L’arrivé du cirque Knie sur la plaine du Plainpalais, et ses histoires du monde…

Et sur la Plaine, vient s’installer le grand chapiteau. De ce cirque qui arbore un nom de sourire forcé de clown. Kniiiiiiiiee, de toutes ses dents pour le photographe. Accompagné de son antique ménagerie aux animaux usagés qui traînent un spleen de citadins blasés.

Revenus de tout et de rien, ils n’ont même pas ce regard lointin des souvenirs d’une quelconque savane. Ils jettent des soupirs d’indifférence hautaine aux enfants de voir leurs dessins animés prendre du relief et bouger pour de vrai. Sauvegarder des espèces menacées est une belle cause, en faire des choses robotisées pour épater le chaland en est un autre.

J’y ai rencontré un vieux lama. Pas celui qui plane en sandalettes et robe safram, non, non un vrai lama en sabots et costume de laine. Un deux pièces râpe, mité. Il tend sa tête au delà des sinistres transparences grillagées pour humer l’air de la ville, le parfum des femmes et il la secoue violemment en grossiers jourons quands des menstrues s’epanchent au fond d’une culotte soyeuse. Il s’appelle Pablo. Du moins, m’a t’il confié, de son nom de baptême, d’un autre nom pour le cirque. Un fils d’émigré mais né en Suisse. Dont le papa et la mama, sans trop le vouloir, étaient arrivés directement des hauts plateaux péruviens avec un permis de travail pour faire l’exotique.
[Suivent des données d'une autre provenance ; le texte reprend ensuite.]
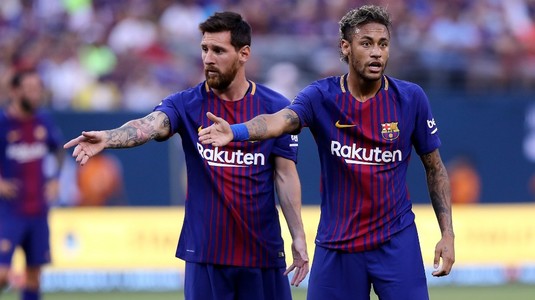 Ipoteză şoc! Neymar din nou lângă Messi. Reacţia oficială a conducerii catalanilor: "Noi n-am dorit atunci să-l vindem"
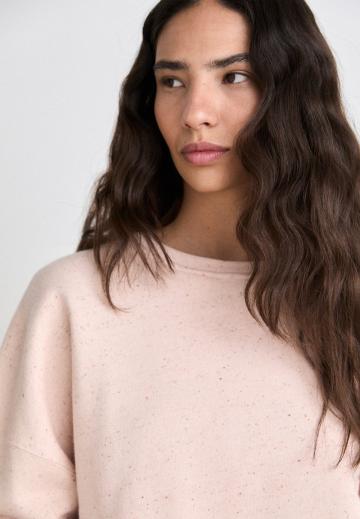 Длинный пуловер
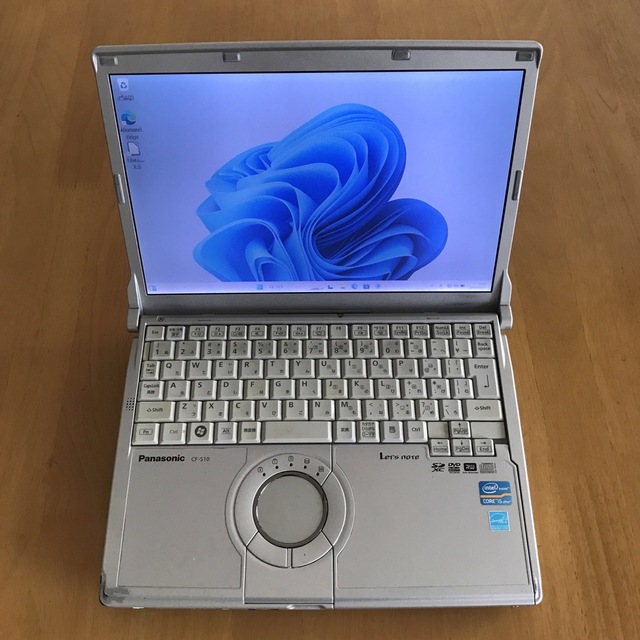 パナソニックCF-S10/Core i5/8GB/500GB/Windows11 【最安値挑戦】 dr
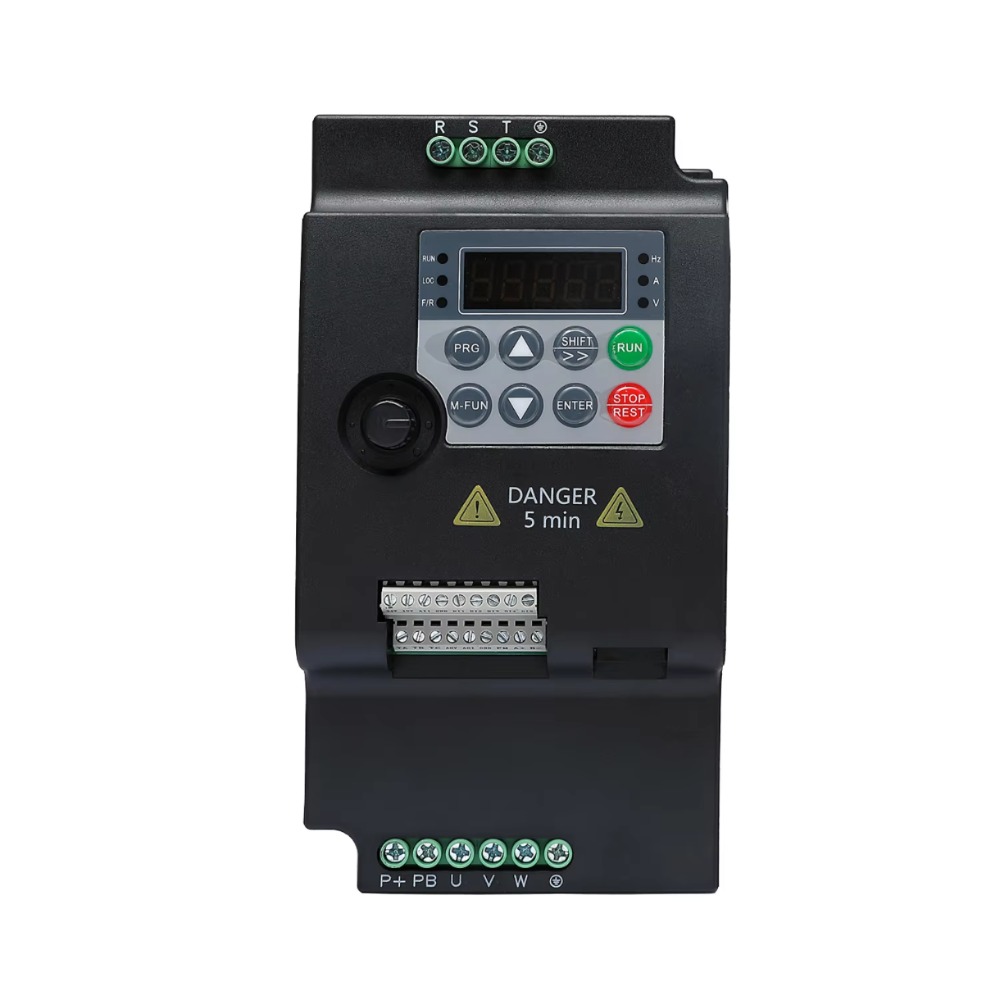 3 Phase VFD Variable Frequency - đánh giá và giá Vfd 0.75Kw Mini Inverter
Au moins cela leur payait la bouffe parce que, pour ce qui était du logement, cela laissait à désirer. Pablo fit toute son école de cirque en Suisse, appris a parler suisse allemand, français, italien, mais pas espagnol. Il me montra un jour son permis C qu’il pensait échanger contre un jolie passaport à croix blanche. Mias les votations sont passées par là et mon pote le lama Pablo, el attendra encore ou il paiera cher son sésame helvétique. Il s’en fout, il ne retournera jamais dans son pays qu’il ne connaît pas. Il crèvera comme il a vecu, en émigré, utile mais pas trop. Au moins au Paradis des animaux, il ne sera plus le cul entre deux chaises, y a pas toutes ces conneries là haut. Il raconte des drôles d’histoires, Pablo , en échange de tabac à chiquer. Plus discret qu’une cigarette qu’on lui a confisquée, sans, évidemment lui demander son avis.

Faut juste faire gaffe quand il crache sa chique, ce gros cochon. Il est un peu poète à ses longues heures si vides, si perdues à attendre la mort de son studio de 5 mètres carrés. Il est triste aussi. Parce que les amours des bêtes au pays des hommes, ce n’est pas vraiment ça. Question intimité, déjà … Et puis la jeune femelle qu’on lui avait imposéne resta que le temps de faire ce qu’ils avaient à faire. Et lui, Pablo, il n’avait pas signé un acte d’abandon de naissance.

Jamais il ne vit le fruit de sus amours. Mais c’était il y a longtemps, alors il a tout oublié, tout juste s’il se rapelle qu’il est Lama. La faute au tabac, sans doute. J’aime bien Pablo, il en veut à personne, c’est juste sa vie qu’est comme ça.